In Weimar befindet sich der musikalische Hafen im Gaswerk. Das Gaswerk, die Design- und Projektwerkstatt in der Schwanseestraße, ist ein Paradebeispiel eines soziokulturellen Zentrums in Thüringen. Seit seiner Gründung 1998 vereint es soziale und kulturelle Aspekte auf vielfältigste Art und Weise. Das Jahresprojekt Salon Pink beispielsweise knüpft an die Salonkultur des 18. und 19. Jahrhunderts um den Jenaer Salon an und bietet jungen Talenten eine Bühne, auf der sie lesen, musizieren und performen können. Die Projektleiterin Canan Yilmaz will „bestehende Dinge aufgreifen und in seiner Zeit weiter bearbeiten“. Ihr geht es um den Mix aus festen und spontanen Programmpunkten.
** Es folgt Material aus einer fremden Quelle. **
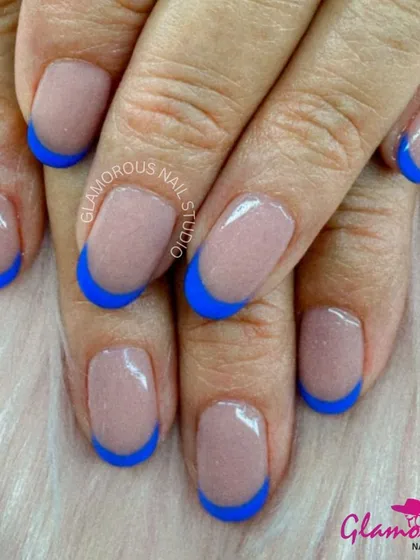 A classic French manicure with a bold twist. The clean nude base is paired with a vibrant, solid blue tip for a striking pop of color.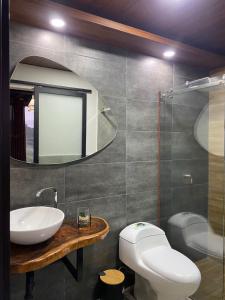 a bathroom with a sink and a mirror at Montearroyo Gualea lodge 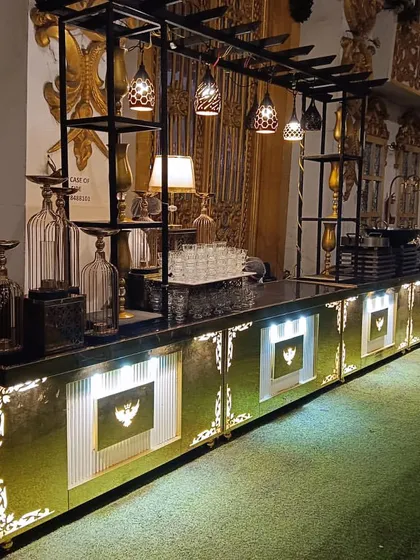 Our black and gold themed buffet counter, featuring an overhead structure with hanging lamps and decorative elements. This design adds height and drama to the food display, perfect for a glamorous evening affair.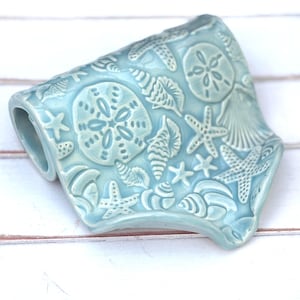May include: A light blue ceramic soap dish with a coastal theme. The dish is shaped like a small tray and features embossed designs of seashells, starfish, and sand dollars. The dish has a curved handle on one side.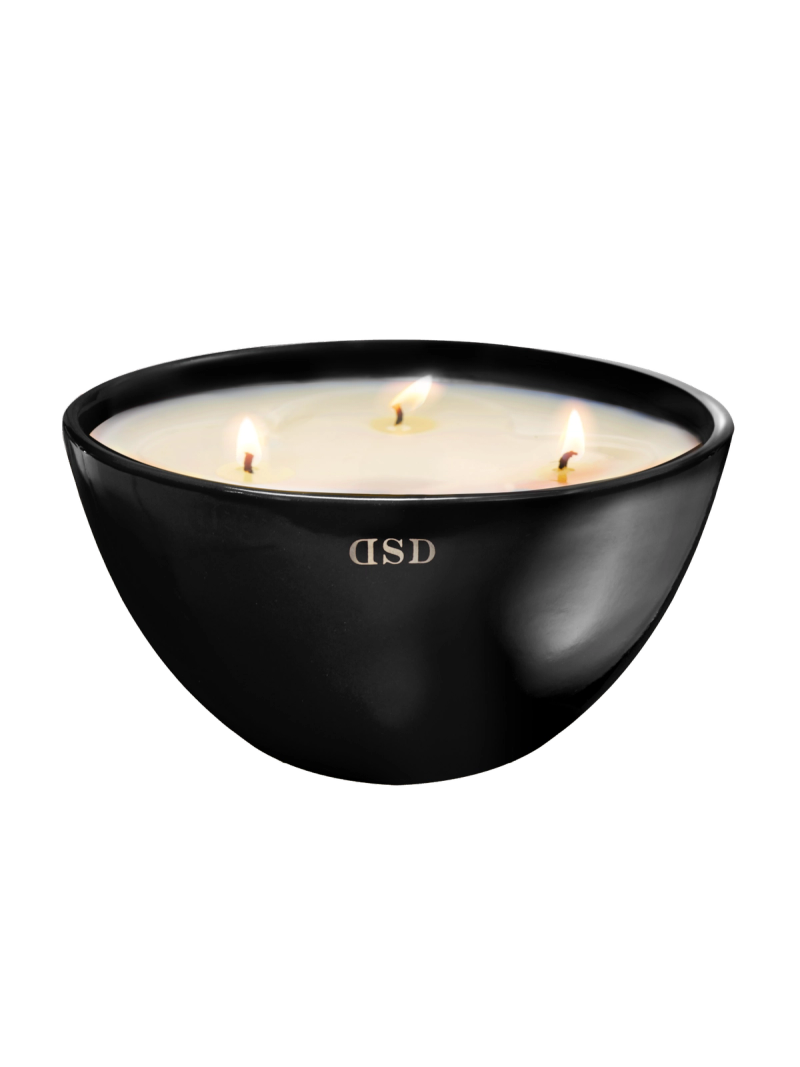 A large, black bowl-shaped candle with three lit wicks, creating a tranquil and aromatic ambiance.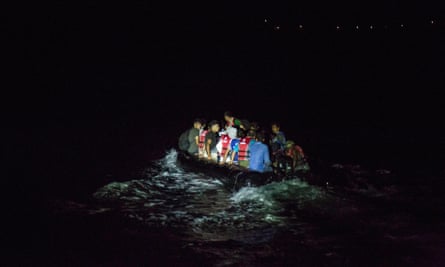 Shot of an overcrowded rubber dinghy at sea in darkness, picked out by a searchlight
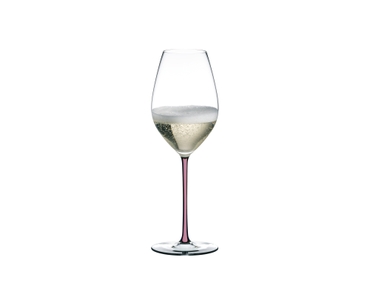 A RIEDEL Fatto A Mano Champagne Wine Glass in mauve filled with champagne on a transparent background. 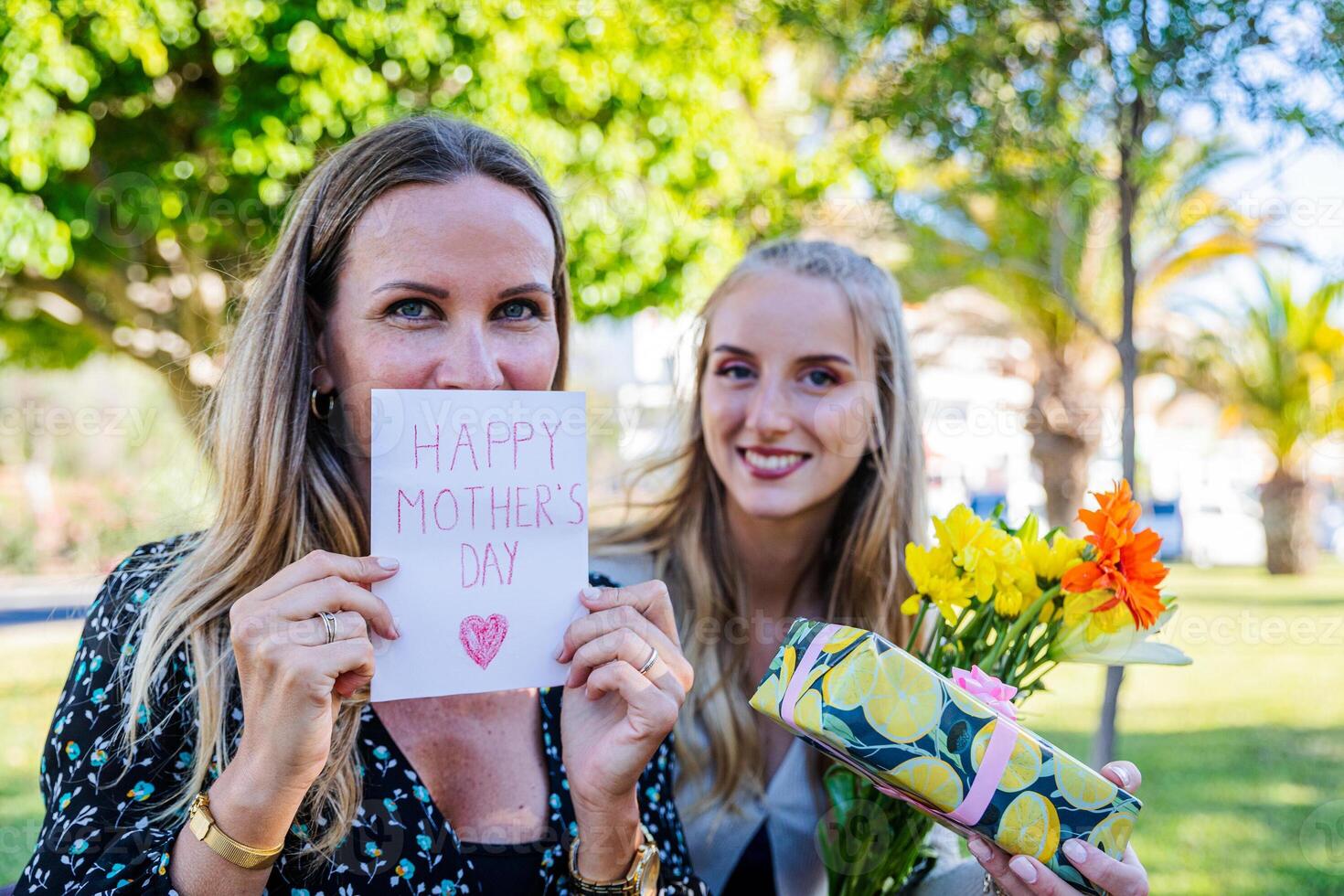Mother receives a card, gift and flowers from her daughter for Mother's Day photo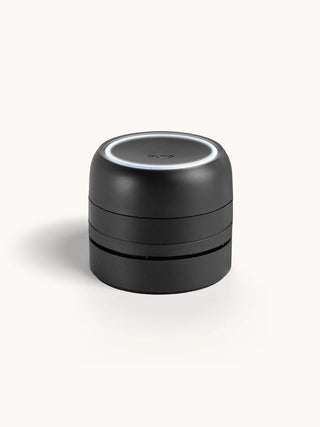 A black, cordless Pura Car Pro diffuser designed for use in vehicles.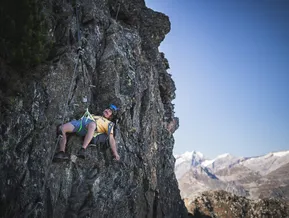 Arrampicatore al via ferrata Speikboden sorride con le Alpi della Zillertal sullo sfondo
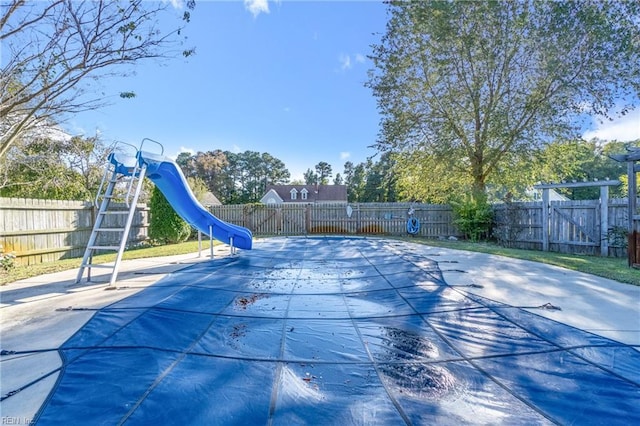 view of swimming pool with a water slide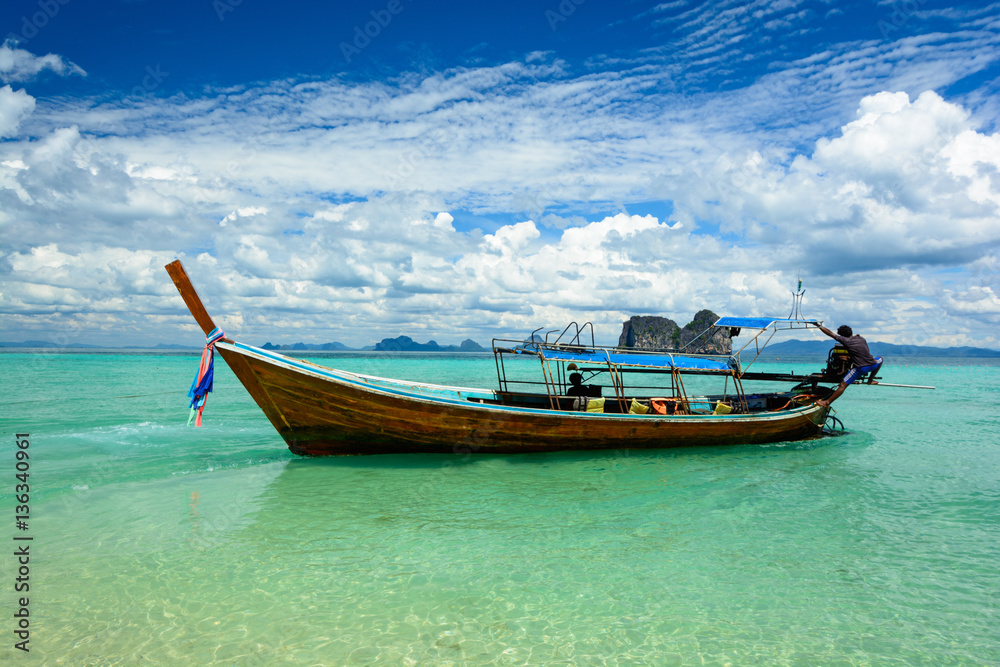 Traditional travel boat in sea with green water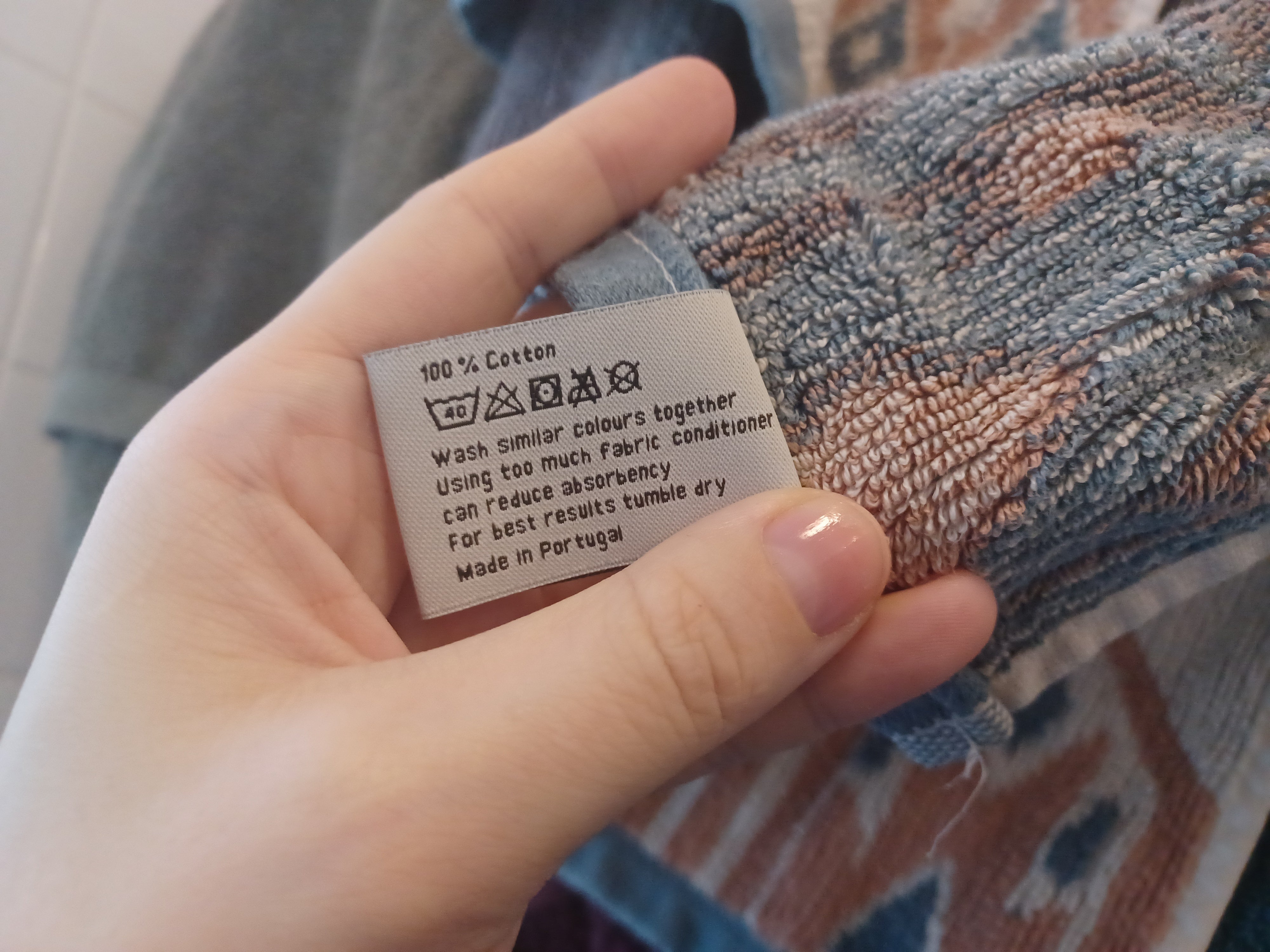 I Just Learned A Common Laundry Mistake Is Making My Towels Less Absorbent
Sie will „offen bleiben für Spontanes“ – das zeigt sich auch bei den monatlichen Terminen des Salons. Unter dem Titel „Zuhören, Wundern, Selbst Erzählen“ lädt der Salon Pink zum ”Bühnenbild ohne Stück” ein. Da treffen beispielsweise Texte des Berliner Design-Kollektivs Schroeter und Berger auf musikalische Spuren von Le Schnigg von den Pentatones. Beide laden das Publikum zu eigener künstlerischer Tätigkeit auf den offenen Bühnen ein. So werden die Grenzen zwischen Produzent und Konsument und die zwischen den Künsten durchlässig. Eingebettet in eine Ausstellung aus Malerei, Grafik, Fotografie und Medienkunst spürt man den Atem der Caroline Schelling, Salonière des frühromantischen Jenaer Salons.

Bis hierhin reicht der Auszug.